*** Opening Recorded data ***
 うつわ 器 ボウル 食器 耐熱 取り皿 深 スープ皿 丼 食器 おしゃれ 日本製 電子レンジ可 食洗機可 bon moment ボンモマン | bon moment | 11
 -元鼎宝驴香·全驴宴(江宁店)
*** Closing Recorded data ***
*** Opening Recorded data ***
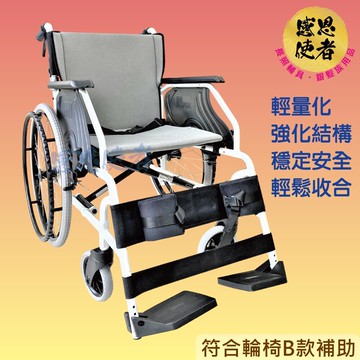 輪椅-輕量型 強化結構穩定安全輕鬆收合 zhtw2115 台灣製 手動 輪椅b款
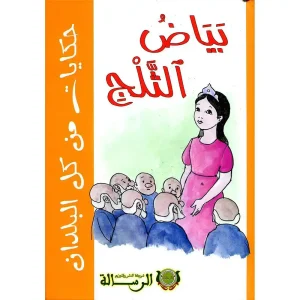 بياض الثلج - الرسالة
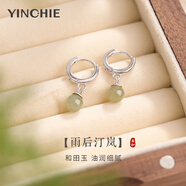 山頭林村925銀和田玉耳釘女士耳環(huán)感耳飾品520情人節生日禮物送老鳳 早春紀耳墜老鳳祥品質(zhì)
*** Closing Recorded data ***
§ **What you have to do**
Give again exactly, and only, the lines above starting at the one with "うつわ 器 ボウル 食器" and ending at the one with "-元鼎宝驴香·全驴宴(江宁店)".

§ **Output**
 うつわ 器 ボウル 食器 耐熱 取り皿 深 スープ皿 丼 食器 おしゃれ 日本製 電子レンジ可 食洗機可 bon moment ボンモマン | bon moment | 11
 -元鼎宝驴香·全驴宴(江宁店)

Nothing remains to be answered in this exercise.